Records shown:

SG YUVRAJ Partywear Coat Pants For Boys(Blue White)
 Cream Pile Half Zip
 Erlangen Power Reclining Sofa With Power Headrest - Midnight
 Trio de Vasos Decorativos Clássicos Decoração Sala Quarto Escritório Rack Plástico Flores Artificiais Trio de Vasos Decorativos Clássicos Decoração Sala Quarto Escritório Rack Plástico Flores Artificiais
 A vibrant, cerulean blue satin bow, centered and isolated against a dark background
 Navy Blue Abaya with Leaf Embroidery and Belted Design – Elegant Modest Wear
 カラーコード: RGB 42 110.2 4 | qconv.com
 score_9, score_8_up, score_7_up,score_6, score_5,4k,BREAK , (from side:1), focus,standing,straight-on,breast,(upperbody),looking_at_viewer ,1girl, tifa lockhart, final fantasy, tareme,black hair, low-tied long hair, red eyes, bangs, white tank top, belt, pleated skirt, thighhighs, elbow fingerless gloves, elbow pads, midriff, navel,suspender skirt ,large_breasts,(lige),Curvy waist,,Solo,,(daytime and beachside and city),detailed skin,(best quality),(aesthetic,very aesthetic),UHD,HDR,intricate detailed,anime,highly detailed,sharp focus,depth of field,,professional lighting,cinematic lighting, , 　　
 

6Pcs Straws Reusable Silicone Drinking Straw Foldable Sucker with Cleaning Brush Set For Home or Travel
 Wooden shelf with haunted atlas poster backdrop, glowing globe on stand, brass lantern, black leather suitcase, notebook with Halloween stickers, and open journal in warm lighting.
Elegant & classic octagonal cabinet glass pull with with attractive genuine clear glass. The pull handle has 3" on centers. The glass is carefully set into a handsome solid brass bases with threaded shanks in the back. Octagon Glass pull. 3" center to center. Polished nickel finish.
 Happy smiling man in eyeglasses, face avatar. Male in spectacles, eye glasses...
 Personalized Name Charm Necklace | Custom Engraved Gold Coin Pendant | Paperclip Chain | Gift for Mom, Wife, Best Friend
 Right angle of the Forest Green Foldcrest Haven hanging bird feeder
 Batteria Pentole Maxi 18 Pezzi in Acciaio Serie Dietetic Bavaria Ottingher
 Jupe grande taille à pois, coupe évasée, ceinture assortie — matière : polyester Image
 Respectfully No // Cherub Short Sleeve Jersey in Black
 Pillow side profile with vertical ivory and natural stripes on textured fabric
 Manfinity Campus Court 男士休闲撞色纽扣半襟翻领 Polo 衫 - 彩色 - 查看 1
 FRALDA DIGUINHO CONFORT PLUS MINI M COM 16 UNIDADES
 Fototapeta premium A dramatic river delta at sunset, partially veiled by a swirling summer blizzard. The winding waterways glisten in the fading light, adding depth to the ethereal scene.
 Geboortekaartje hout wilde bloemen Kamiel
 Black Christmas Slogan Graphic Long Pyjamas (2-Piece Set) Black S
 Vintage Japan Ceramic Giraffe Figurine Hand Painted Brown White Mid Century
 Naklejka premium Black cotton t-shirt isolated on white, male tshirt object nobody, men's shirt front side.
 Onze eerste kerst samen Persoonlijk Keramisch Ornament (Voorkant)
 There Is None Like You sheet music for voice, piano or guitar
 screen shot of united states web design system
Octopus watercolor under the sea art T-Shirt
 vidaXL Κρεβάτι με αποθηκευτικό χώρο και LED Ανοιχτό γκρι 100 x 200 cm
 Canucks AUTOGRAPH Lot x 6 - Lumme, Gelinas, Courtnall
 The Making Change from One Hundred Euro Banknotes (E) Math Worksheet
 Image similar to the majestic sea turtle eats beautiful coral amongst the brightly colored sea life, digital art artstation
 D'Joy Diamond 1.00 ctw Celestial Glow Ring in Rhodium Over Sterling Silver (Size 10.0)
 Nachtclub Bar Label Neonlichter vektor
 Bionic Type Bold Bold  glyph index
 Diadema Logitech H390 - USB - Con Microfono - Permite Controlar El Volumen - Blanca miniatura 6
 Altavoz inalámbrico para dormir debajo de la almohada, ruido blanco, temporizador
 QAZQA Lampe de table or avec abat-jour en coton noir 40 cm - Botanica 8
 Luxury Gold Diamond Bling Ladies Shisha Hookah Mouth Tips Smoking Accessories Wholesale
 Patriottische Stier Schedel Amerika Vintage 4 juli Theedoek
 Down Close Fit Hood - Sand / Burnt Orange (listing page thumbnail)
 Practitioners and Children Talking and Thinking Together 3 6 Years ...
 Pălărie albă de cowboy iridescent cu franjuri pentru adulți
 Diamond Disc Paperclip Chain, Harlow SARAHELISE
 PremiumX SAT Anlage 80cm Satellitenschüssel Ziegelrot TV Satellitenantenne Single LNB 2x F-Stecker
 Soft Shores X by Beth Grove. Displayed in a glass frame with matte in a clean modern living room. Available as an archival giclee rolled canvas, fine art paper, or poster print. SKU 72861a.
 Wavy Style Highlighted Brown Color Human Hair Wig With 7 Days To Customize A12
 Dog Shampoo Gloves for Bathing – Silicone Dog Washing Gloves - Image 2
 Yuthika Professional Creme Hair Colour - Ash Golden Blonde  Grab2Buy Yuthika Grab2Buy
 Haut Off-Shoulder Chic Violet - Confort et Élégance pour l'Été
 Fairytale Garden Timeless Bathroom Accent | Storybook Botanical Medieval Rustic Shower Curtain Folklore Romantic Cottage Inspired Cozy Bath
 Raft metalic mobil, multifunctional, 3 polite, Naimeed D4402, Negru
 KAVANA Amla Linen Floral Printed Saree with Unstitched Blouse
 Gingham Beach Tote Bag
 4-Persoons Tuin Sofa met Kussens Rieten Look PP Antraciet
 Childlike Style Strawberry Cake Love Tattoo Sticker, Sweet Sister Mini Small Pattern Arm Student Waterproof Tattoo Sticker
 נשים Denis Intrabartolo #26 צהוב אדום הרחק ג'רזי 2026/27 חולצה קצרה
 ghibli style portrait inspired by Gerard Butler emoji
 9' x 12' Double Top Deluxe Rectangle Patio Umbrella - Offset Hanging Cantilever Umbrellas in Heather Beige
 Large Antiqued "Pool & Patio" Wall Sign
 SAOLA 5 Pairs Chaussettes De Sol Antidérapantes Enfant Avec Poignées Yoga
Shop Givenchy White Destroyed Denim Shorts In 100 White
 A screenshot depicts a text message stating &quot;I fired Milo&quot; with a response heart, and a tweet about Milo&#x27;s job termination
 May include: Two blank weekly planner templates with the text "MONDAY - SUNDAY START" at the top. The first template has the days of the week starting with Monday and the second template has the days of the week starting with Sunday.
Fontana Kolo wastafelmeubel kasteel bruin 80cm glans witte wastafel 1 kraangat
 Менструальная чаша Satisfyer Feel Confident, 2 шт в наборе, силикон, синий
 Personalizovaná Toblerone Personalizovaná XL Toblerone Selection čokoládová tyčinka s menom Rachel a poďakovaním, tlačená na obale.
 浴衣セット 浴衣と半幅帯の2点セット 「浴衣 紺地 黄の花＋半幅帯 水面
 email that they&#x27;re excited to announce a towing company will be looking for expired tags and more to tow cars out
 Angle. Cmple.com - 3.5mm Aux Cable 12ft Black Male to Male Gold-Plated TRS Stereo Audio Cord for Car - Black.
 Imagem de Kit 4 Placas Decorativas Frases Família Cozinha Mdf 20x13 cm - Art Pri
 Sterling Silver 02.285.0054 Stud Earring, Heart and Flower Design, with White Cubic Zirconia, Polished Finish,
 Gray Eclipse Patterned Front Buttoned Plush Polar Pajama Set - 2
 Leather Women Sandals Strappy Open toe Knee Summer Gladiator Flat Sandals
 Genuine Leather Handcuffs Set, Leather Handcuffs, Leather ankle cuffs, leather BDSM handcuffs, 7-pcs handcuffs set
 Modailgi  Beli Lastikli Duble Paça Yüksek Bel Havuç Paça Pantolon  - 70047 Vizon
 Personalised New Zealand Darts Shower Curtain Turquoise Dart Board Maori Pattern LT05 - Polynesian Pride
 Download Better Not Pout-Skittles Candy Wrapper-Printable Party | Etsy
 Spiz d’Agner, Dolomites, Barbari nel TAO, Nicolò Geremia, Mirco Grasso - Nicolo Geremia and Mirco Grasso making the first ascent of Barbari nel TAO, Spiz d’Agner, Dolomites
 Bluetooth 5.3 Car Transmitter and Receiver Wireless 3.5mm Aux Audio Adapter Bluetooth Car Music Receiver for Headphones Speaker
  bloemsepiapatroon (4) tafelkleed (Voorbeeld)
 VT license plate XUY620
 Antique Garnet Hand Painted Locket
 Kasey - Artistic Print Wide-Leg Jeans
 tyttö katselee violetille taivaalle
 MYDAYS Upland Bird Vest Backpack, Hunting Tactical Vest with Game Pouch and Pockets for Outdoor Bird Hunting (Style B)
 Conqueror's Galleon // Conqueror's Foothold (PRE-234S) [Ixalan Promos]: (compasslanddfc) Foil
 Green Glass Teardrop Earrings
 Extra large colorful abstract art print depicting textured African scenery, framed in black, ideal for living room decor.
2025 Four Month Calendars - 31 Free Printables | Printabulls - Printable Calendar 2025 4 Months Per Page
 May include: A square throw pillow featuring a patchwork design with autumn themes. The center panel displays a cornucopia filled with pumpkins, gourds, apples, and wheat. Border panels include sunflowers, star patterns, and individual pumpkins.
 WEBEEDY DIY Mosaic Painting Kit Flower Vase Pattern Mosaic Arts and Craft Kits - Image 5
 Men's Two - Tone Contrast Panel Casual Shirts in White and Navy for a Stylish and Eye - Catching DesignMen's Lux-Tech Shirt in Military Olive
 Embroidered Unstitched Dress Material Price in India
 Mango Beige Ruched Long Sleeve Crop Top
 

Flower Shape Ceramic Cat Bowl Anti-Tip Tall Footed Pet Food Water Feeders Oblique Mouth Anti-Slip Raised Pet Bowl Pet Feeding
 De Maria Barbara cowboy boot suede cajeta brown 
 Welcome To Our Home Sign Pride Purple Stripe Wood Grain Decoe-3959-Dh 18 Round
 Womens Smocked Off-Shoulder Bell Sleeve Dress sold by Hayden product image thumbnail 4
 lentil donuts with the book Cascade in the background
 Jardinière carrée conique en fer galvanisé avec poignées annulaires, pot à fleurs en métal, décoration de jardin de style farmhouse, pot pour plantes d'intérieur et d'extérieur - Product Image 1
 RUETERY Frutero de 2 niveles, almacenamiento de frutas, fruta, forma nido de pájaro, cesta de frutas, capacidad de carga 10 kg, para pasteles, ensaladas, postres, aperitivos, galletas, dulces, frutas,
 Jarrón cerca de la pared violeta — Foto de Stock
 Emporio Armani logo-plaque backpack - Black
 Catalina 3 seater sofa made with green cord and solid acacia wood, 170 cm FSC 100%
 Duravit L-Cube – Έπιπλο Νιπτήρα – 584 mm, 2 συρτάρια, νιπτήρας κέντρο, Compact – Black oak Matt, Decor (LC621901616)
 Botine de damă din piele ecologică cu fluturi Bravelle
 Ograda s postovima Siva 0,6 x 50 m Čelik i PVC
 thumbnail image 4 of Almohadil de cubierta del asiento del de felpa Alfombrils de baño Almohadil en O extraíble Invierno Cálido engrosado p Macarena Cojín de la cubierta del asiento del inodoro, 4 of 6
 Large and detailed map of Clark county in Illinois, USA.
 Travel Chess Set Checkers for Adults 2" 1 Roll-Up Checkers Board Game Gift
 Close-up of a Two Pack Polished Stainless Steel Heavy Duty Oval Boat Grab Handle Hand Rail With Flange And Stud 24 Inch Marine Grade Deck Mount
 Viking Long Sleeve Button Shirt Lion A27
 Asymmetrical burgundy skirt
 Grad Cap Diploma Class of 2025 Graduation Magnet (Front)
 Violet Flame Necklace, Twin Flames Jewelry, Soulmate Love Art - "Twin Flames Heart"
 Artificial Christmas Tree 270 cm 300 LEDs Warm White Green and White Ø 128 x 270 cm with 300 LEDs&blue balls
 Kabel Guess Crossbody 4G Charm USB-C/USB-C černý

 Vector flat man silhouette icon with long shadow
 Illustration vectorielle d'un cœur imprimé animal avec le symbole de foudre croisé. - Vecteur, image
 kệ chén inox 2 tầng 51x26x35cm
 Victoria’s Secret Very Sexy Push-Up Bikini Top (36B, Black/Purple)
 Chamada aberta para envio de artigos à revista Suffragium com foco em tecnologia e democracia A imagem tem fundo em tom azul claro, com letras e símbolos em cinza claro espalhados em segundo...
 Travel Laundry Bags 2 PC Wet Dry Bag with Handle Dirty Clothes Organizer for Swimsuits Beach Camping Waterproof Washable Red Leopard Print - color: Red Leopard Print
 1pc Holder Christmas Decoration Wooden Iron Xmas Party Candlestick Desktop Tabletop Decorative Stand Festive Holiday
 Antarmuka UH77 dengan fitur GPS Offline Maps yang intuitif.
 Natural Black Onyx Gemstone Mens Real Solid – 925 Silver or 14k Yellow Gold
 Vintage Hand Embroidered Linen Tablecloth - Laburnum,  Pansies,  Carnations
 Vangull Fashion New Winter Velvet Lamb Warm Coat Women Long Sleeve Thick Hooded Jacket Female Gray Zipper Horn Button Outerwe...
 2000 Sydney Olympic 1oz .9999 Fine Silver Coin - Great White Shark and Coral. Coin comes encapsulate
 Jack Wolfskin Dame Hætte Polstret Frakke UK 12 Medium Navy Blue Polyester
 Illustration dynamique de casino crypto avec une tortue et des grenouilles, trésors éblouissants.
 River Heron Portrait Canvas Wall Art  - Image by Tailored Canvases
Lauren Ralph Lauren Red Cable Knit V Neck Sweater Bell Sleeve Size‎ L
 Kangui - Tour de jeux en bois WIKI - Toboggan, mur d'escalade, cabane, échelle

Work instruction:
When the line with "Onze eerste kerst" is reached in the data above, begin copying, and stop after the line with "PremiumX SAT Anlage"; copy each line exactly, both ends included.

Exercise result:
 Onze eerste kerst samen Persoonlijk Keramisch Ornament (Voorkant)
 There Is None Like You sheet music for voice, piano or guitar
 screen shot of united states web design system
Octopus watercolor under the sea art T-Shirt
 vidaXL Κρεβάτι με αποθηκευτικό χώρο και LED Ανοιχτό γκρι 100 x 200 cm
 Canucks AUTOGRAPH Lot x 6 - Lumme, Gelinas, Courtnall
 The Making Change from One Hundred Euro Banknotes (E) Math Worksheet
 Image similar to the majestic sea turtle eats beautiful coral amongst the brightly colored sea life, digital art artstation
 D'Joy Diamond 1.00 ctw Celestial Glow Ring in Rhodium Over Sterling Silver (Size 10.0)
 Nachtclub Bar Label Neonlichter vektor
 Bionic Type Bold Bold  glyph index
 Diadema Logitech H390 - USB - Con Microfono - Permite Controlar El Volumen - Blanca miniatura 6
 Altavoz inalámbrico para dormir debajo de la almohada, ruido blanco, temporizador
 QAZQA Lampe de table or avec abat-jour en coton noir 40 cm - Botanica 8
 Luxury Gold Diamond Bling Ladies Shisha Hookah Mouth Tips Smoking Accessories Wholesale
 Patriottische Stier Schedel Amerika Vintage 4 juli Theedoek
 Down Close Fit Hood - Sand / Burnt Orange (listing page thumbnail)
 Practitioners and Children Talking and Thinking Together 3 6 Years ...
 Pălărie albă de cowboy iridescent cu franjuri pentru adulți
 Diamond Disc Paperclip Chain, Harlow SARAHELISE
 PremiumX SAT Anlage 80cm Satellitenschüssel Ziegelrot TV Satellitenantenne Single LNB 2x F-Stecker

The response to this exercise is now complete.